A few clarifications about my rant on Swahili identity

Following my rather rant-y post about Swahili identity the other day I got a couple of interesting criticisms that I think are worth posting. They have to do with my description of English and my writing style in talking about imperialism. Both the messages below are from friends whose opinions I respect a lot.

English: a madmans mansion

English: a madman's mansion

English as a crappy, mongrel language of imperialism

[W]hile you make a good point of the imperialism of the English language, I am careful not to disparage any tongue, even those that seem “crappy” and “mongrel.” Actually, what makes English interesting, I think, is its versatility, which probably emanates from its mongrel nature. Southern English, Scottish, Kiwi English, Ghanaian English, Black Urban English, Jamaican English, Black South African English, each have distinct rhythms, far afield from the cruder dialects heard in Liverpool, The east End of London, and parts of the US. The many forms a language takes as it migrates far from its “home” speak to the diversity of human experience, worldview, and glottal variation. It’s not the language’s fault-. New Zealand is a cool place (except that they allowed the Springboks to tour in 1981–until citizen protests stopped it). And Ireland hasn’t invaded anybody in a while. Well…….
– Email to the LGD

This is a great paragraph that I wholeheartedly agree with. I guess I meant my disparaging of English as a self-effacing joke — a stab at those who almost subconsciously promote the language as if it is superior to others, when, for instance, they blame underdevelopment on speaking Swahili. That’s not the language’s fault.

The fact is, I love English, precisely because of its openness and roguish character. It’s an anarchical language, a beautiful Frankenstein with no allegiances. If classical Arabic and German and Russian (I do not speak the latter two, just sayin’) are vast, immaculate and symmetrical mansions, whose entrances have well-defended drawbridges, then English is a castle built by a madman, a Winchester Mystery House with people climbing in and out of the windows at all times of the day and night.

(Cool. I’ve been wanting to write that paragraph for a while.)

Anyway, it’s that character of English that lets us have Faulkner and Joyce. And maybe all languages are like that to some degree — they certainly are all fluid and changing — but being the language of an empire makes English particularly unstable.

The crappy/mongrel part is really about the political context in which English might be foisted on people, either as a part of explicit policy (Ireland) or because of power dynamics (possibly Tanzania).

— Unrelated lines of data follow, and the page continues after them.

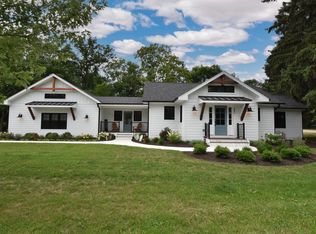 647 E Geneva St, Williams Bay, WI 53191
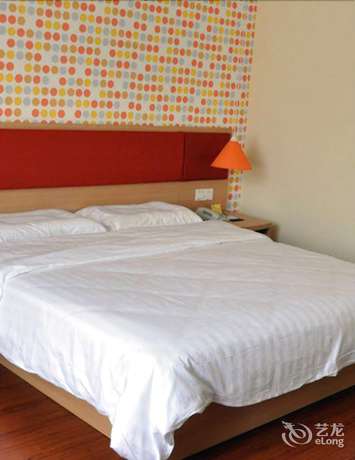 Imagen de la habitación del Hotel Home Inn- Tengchong Dongfang Road Branch. Foto 8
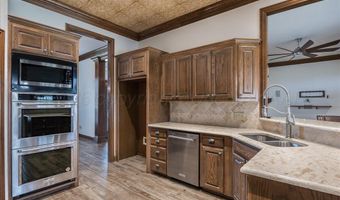9100 W SUNDOWN Ln, Amarillo, TX 79119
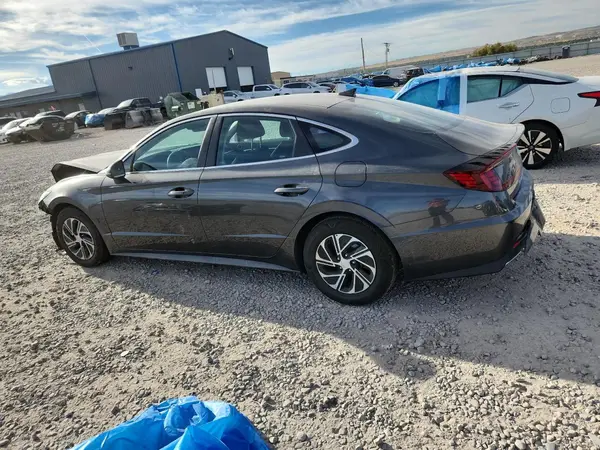 KMHL24JJ4NA038589 2022 HYUNDAI SONATA - Image 2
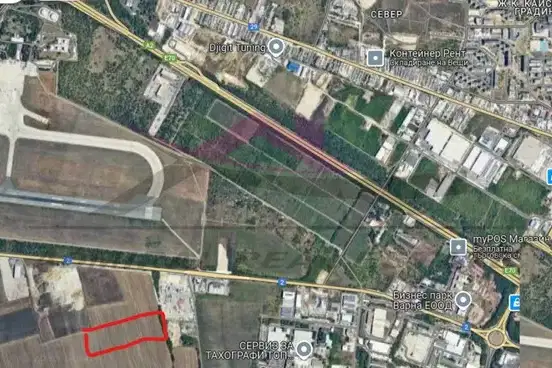 Plot in Topoli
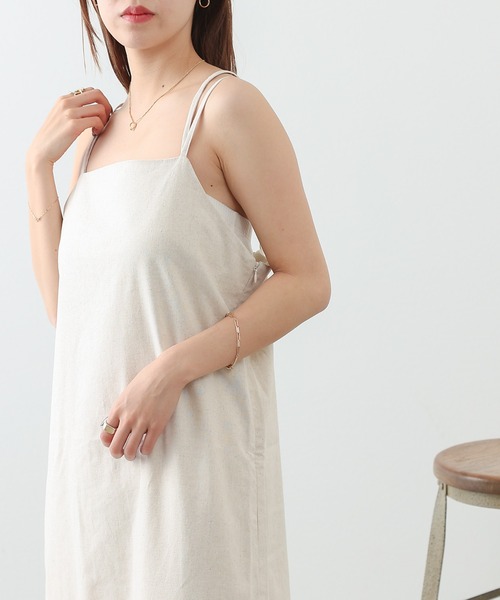 COLONY 2139（コロニートゥーワンスリーナイン）の「ZOZO限定 / リネンライクキャミワンピース（ワンピース・レディース・ブラック/アイボリー・FREE）」の9枚目の写真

The scold-y, stridently liberal didacticism tone

I liked [the post] and found the argument interesting and well put. I see your Berkley-ism strongly coloring the way you make points like this one: “It may be (let me rephrase: it is) completely unfair and the result of a history of imperialism and exploitation…” Sentences like that give me pause as a reader, because they sound overly apologetic and evoke of a certain kind of strident liberal didacticism. I think there are ways to express the same thought and idea without sounding like you’re sorry and somehow personally apologizing for the course of history. I think it’s “unfair” that’s problematic — everything’s unfair and the product of exploitation. Consider some alternative way of phrasing the argument, like “Random chance and imperial history have made English the world’s lingua franca of power and not, say, Dutch or Chinese. Any savvy modernizing nation benefits when its workforce learns English; nations on the global economy’s periphery can maneuver to benefit from that global order even while decrying its unfairness and criticizing its moral hypocrisies.” A similar fuzziness comes through at the end, when you write, somewhat in the manner of a scold, that foreigners shouldn’t tell Tanzanians what to do, and then proceed to declare what they should do: teach English, but of their own accord, not because someone like you told them to!
– Email to the LGD from former prof

The proposed rewrite would indeed be much better. Being a kneejerk, over-simplifying anti-imperialist is almost as tiresome and irritating as being a kneejerk, oversimplifying imperialist. In terms of the use of “should,” I guess what I should have said is that should Tanzania choose to focus on English, it should have the option to do so on its own terms when it chooses to, not because someone else tells the country it should.

Seriously, though, the scoldiness in the tone really comes from my exasperation with the readiness to use “culture” as a stand-in or replacement for where the word “race” would have been used in times when genetic determinism was an accepted theory. Blaming poverty on culture is as unedifying as blaming it on race; further, both spring from the same perspective of assumed superiority.

Anyway, thanks for the comments, everyone.